New PBS Nature Series Earth a New Wild Shows Humans and Animals Can Thrive Together

EARTH A NEW WILD Shows Nature as Never Before

Posted by Chase Harvick on

EARTH A New Wild is a five-part series taking a fresh look at humankind’s relationship to the planet’s wildest places and most fascinating species. The adventure begins with back-to-back episodes Wednesday, February 4 at 8pm. Future episodes premiere Wednesdays at 9pm.

Dr. M. Sanjayan, a leading conservation scientist, takes viewers on a stunning visual journey to explore how humans are inextricably woven into every aspect of the planet’s natural systems. The series features spectacular natural history footage from the most striking places on Earth, filming encounters between wild animals and the people who live and work with them. With up-close looks at a range of species, from giant pandas to humpback whales and African lions to Arctic reindeer, Sanjayan reveals that co-habitations with animals can work — and be mutually beneficial.

Episodes of EARTH — A NEW WILD include:

HOME Wednesday, February 4, 8pm
This episode examines the relationship between humans and large animals on a 21st-century planet and asks if wild nature can still survive in what scientists now acknowledge is a new age for the planet — the Age of Man. Sequences include chimpanzees with Jane Goodall in Tanzania; man-eating tigers in the Sundarbans of Bangladesh; Giant panda in the highlands of China; and a segment that envisions what New York City would look like if nature took over completely.

PLAINSWednesday, February 4, 9pm
From the African plains to the American Midwest, this episode explores wild grasslands — home to the greatest gathering places of animal life on the planet, yet among the most endangered places on Earth – requiring hoofs and jaws to thrive.  The program introduces Alan Savory and film sequences including elephant conservation in South Africa; the first filmed shots of rutting Saiga antelope in Russia; Norwegian locals regulating the reindeer population in unique ways; and how Americans are saving the country’s most-endangered mammal.

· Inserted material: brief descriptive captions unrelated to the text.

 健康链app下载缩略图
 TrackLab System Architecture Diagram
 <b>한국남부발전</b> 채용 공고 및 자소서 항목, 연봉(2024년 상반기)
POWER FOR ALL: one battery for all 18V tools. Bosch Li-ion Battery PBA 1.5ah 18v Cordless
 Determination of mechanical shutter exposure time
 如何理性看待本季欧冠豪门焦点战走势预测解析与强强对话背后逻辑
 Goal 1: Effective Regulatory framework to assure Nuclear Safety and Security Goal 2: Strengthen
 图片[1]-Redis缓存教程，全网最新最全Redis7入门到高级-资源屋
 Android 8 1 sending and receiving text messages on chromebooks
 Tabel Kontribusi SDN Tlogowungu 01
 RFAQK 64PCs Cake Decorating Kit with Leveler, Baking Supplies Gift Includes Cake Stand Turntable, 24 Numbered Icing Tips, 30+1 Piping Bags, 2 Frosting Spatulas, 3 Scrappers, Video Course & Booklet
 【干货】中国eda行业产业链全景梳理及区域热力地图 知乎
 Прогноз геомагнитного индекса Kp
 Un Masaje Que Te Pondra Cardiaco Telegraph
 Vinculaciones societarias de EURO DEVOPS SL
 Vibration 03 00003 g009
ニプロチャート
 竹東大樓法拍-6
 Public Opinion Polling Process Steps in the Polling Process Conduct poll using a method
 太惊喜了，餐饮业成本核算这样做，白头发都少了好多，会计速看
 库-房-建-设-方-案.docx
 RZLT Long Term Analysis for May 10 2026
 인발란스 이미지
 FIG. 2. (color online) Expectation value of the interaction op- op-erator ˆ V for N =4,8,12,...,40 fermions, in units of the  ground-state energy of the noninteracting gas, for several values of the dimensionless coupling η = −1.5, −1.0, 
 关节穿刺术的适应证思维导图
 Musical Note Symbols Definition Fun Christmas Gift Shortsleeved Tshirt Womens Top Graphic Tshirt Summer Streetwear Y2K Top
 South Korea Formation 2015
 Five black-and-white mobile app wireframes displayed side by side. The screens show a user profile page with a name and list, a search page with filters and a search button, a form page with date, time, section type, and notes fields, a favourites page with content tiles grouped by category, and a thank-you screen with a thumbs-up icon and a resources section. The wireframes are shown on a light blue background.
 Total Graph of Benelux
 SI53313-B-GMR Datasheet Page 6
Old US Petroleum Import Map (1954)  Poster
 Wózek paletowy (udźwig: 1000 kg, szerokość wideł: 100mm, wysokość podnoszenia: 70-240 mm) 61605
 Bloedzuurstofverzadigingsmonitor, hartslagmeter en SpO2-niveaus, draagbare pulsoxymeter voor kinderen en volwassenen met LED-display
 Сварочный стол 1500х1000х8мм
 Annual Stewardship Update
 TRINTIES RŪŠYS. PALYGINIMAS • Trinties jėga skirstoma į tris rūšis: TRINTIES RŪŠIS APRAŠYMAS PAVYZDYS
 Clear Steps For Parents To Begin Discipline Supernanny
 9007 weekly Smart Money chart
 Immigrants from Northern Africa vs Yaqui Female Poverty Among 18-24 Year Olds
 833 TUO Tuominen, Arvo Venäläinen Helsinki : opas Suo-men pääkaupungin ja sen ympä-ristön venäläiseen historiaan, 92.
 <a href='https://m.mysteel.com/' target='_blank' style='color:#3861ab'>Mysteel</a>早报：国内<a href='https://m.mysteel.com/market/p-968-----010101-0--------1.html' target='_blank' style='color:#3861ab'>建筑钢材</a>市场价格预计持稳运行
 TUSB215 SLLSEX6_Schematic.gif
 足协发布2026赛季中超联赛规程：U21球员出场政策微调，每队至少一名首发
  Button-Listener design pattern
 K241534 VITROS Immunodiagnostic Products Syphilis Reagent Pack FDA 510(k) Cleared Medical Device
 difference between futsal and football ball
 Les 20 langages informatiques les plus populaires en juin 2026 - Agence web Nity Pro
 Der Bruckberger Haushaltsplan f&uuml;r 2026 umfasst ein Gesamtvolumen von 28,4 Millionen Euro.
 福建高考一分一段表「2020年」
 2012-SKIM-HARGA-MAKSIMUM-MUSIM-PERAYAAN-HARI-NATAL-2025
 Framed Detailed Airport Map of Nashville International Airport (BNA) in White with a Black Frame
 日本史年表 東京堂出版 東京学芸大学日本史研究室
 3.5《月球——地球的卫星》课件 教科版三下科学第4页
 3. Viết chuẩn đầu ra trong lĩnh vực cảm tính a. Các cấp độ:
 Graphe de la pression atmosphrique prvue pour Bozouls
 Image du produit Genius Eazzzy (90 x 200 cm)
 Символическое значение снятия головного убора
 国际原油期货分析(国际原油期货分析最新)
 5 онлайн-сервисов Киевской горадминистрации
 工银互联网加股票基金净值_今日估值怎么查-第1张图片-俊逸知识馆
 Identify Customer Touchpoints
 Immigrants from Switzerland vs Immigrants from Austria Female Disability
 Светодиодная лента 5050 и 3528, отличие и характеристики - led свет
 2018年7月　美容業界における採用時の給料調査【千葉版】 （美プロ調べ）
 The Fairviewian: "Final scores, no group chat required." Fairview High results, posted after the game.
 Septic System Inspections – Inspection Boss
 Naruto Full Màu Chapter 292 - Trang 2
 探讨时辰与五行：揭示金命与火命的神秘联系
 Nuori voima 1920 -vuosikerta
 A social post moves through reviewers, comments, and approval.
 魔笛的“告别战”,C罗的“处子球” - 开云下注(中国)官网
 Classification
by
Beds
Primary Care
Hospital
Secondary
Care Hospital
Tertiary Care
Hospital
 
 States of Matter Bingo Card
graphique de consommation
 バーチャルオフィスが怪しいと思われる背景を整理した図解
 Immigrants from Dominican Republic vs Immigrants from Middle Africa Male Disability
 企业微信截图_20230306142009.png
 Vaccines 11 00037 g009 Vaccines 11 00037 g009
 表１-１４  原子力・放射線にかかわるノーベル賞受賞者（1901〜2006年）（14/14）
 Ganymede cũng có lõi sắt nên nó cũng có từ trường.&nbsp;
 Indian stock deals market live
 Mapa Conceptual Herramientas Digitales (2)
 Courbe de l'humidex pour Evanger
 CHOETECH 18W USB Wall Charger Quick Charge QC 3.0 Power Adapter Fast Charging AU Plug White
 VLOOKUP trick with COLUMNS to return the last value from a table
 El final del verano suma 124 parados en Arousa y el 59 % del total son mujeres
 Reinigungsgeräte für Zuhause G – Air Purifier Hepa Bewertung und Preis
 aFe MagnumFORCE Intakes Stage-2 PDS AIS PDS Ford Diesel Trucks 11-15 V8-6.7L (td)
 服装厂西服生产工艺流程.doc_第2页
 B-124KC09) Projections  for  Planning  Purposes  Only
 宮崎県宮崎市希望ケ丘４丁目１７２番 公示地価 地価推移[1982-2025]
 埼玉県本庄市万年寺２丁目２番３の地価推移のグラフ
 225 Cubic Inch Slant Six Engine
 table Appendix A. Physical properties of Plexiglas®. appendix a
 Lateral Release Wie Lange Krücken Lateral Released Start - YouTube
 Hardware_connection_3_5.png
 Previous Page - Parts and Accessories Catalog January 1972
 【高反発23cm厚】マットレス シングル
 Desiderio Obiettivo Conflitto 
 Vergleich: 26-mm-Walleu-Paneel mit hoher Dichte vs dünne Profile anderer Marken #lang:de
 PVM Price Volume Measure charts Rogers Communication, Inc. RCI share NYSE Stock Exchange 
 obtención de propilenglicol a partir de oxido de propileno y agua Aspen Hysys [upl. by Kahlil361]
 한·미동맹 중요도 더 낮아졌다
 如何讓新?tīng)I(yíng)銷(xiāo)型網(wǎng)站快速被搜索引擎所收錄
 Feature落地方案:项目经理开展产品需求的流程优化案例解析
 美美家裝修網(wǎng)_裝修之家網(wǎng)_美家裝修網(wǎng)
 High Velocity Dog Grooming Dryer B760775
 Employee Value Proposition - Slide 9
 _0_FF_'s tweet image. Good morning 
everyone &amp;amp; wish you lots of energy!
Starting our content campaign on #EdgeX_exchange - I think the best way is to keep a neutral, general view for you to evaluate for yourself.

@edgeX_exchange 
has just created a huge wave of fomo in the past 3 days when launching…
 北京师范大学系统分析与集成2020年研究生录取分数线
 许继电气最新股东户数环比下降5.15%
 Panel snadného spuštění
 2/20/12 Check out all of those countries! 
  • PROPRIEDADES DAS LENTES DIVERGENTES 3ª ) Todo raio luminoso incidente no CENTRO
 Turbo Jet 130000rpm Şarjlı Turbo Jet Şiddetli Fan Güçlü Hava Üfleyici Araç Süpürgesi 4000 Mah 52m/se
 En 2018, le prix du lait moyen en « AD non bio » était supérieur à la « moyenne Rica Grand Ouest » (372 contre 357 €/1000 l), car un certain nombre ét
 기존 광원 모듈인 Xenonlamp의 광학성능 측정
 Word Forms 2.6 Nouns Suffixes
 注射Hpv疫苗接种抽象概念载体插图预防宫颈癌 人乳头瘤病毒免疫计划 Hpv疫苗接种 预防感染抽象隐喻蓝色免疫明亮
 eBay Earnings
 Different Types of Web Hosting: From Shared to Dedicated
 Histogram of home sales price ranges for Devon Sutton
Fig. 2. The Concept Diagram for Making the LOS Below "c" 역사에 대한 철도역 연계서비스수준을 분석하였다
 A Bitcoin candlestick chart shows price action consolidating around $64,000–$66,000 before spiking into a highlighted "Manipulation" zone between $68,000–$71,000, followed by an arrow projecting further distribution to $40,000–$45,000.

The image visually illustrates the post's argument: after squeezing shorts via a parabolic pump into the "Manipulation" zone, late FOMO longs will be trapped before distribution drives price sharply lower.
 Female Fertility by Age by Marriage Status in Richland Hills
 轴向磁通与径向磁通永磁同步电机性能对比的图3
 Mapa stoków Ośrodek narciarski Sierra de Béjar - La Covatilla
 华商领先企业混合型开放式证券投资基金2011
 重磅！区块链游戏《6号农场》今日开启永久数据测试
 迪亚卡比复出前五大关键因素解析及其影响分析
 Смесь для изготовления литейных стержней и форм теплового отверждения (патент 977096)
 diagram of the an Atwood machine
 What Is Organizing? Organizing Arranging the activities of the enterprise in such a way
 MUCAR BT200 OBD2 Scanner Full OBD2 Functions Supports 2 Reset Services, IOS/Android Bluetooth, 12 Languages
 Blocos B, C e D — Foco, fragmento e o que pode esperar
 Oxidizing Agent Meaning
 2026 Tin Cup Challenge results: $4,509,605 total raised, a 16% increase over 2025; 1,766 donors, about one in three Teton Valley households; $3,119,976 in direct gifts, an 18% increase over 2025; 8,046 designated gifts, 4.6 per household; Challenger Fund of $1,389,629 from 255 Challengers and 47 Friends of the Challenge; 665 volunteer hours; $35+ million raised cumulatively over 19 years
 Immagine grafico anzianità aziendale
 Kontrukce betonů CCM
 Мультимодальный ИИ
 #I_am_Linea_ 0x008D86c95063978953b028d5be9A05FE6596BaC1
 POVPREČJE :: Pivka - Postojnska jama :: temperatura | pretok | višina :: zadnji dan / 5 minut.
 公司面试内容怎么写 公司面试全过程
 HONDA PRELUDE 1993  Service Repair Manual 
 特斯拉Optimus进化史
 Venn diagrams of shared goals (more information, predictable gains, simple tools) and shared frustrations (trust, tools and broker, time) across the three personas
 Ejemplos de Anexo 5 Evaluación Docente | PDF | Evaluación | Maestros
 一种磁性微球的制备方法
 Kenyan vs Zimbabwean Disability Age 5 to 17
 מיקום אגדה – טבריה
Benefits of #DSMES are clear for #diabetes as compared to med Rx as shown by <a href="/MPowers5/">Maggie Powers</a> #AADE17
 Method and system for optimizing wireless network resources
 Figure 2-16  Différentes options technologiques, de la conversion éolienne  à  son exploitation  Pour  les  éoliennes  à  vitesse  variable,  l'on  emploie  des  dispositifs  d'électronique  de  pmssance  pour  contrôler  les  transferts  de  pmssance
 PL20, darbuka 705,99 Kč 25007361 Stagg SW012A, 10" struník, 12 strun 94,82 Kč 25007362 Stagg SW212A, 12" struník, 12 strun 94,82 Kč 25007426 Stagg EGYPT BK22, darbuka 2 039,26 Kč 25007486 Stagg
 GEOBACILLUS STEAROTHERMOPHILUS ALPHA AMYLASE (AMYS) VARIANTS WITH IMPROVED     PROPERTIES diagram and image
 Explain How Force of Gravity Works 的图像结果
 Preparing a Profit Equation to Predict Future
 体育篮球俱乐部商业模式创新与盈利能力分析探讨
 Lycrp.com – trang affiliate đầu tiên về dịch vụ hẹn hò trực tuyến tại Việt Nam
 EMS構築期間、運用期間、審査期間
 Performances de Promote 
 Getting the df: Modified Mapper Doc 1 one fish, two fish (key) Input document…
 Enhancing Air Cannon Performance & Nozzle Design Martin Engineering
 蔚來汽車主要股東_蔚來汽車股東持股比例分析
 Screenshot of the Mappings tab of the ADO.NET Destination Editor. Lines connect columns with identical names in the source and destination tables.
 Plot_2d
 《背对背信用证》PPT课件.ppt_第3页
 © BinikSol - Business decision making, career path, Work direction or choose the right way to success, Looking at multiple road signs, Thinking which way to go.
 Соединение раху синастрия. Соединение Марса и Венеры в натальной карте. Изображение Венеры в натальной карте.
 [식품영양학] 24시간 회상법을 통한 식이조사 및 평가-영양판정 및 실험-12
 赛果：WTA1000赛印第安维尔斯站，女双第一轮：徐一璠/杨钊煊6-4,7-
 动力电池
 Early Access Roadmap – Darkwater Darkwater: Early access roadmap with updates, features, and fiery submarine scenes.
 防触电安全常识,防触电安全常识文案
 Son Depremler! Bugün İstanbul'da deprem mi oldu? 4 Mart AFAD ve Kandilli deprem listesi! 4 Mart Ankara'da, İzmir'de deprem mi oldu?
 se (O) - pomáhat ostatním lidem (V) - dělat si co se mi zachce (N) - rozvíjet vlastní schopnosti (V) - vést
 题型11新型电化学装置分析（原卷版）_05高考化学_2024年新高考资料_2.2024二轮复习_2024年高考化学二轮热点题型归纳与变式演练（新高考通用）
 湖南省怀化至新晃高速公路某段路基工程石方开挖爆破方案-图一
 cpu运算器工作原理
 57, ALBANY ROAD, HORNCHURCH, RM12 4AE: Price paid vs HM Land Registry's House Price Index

FORESTS Wednesday, February 11, 9pm
Sanjayan travels deep into the western most Amazon to a place scientists believe may be the most bio-diverse on earth, still holding the secrets of un-contacted tribes. From here, he reveals a new understanding about humans’ relationship with the forests of the world. Sequences include the first filmed scientific trip to Ecuador’s Intangible Zone; unique behavior, filmed for the first time, of wolves in the Great Bear Rainforest of British Columbia; eagles and Iberian lynx in the cork forests of Europe, and frightening elephant battles in the forests of Indonesia.

OCEANS Wednesday, February 18, 9pm
This episode introduces Jeremy Jackson, whose seminal paper “The Rise of Slime” dramatically changed the way scientists look at our relationship with the Earth’s oceans. Sequences include a mass gathering of fearsome ocean predators at the most pristine coral atoll on earth; a shark birth and migrations off the coast of Florida; coral gardeners in Australia; and futuristic offshore fish farms in Mexico. 

WATER –Wednesday, February 25, 9pm
Sanjayan explores humankind’s relationship with the Earth’s most important resource, unraveling dramatic connections between the pulse of fresh water and the health of the planet. In North America, an epic kayak journey charting the flow of the once-mighty Colorado River ends in an unlikely ray of hope.  Sequences include: the singing wells of Kenya; the connection between AIDS and a small fish in Lake Malawi; a clandestine visit to the biggest environmental disaster on the planet; and a look at how hunters in America saved one of the greatest gatherings of birds on the continent.